#### GIVEN MATERIAL:

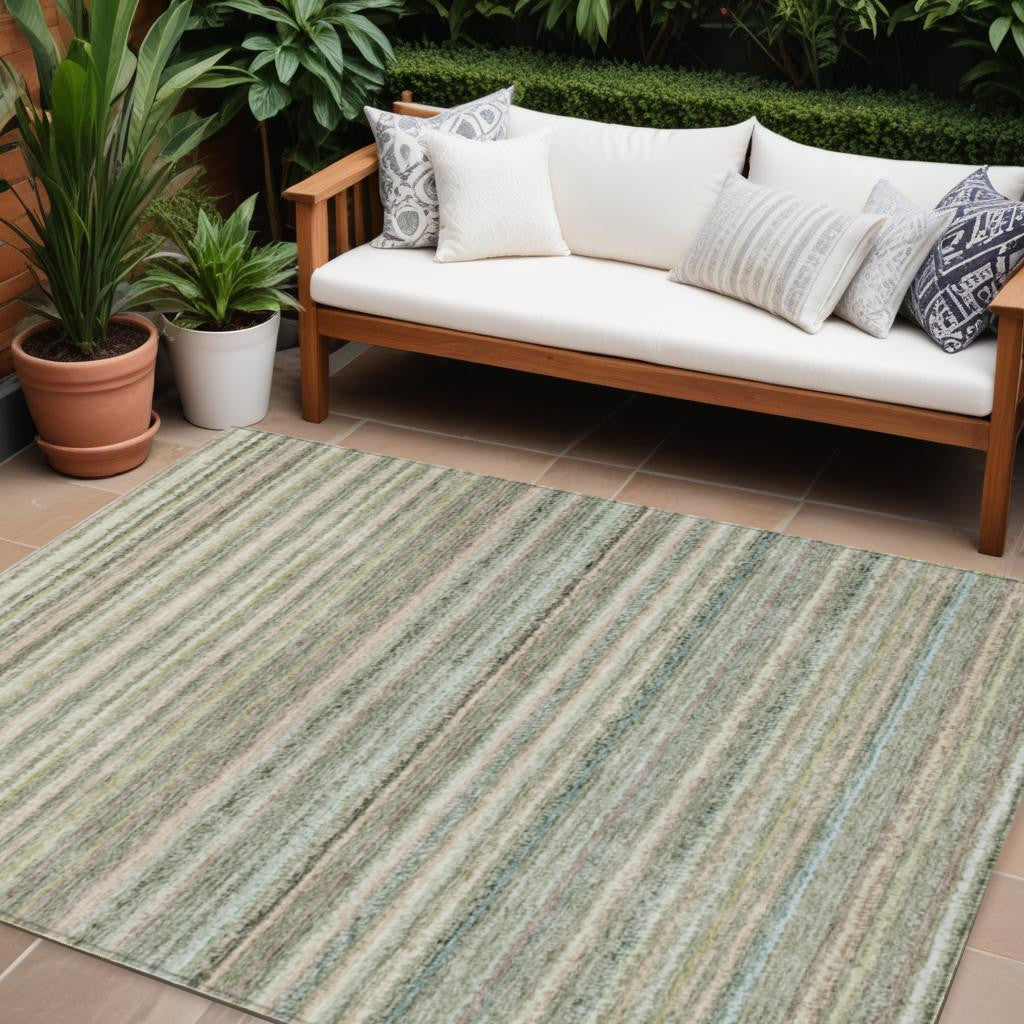 10 X 14 Sage Mint Green And Beige Striped Washable Indoor Outdoor Area Rug
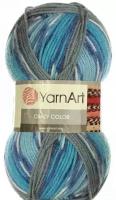 Пряжа YarnArt Crazy Color (ЯрнАрт Крейзи Колор) Нитки для вязания, 100г, 260м, 75% акрил 25% шерсть, 134 бело-серо-сине-голубой-индиго, 2шт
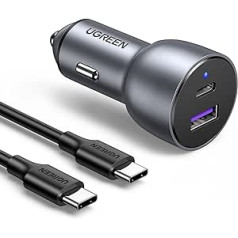 UGREEN USB C automašīnas lādētājs 52,5 W 30 W + 22,5 W cigarešu šķiltavas USB C automašīnas lādētājs USB C 12 V automašīnas lādētājs saderīgs ar iPhone 15, 15 Plus, 15 Pro, 15 Pro Max, 14 Pro, Pro Max, Galaxy S22, S21 utt. .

#### EXERCISE:
Every line from the one with "Пряжа YarnArt Crazy" through the end of the material above should be restated word for word, with the pictures left out.

#### EXERCISE RESPONSE:
 Пряжа YarnArt Crazy Color (ЯрнАрт Крейзи Колор) Нитки для вязания, 100г, 260м, 75% акрил 25% шерсть, 134 бело-серо-сине-голубой-индиго, 2шт
 UGREEN USB C automašīnas lādētājs 52,5 W 30 W + 22,5 W cigarešu šķiltavas USB C automašīnas lādētājs USB C 12 V automašīnas lādētājs saderīgs ar iPhone 15, 15 Plus, 15 Pro, 15 Pro Max, 14 Pro, Pro Max, Galaxy S22, S21 utt. .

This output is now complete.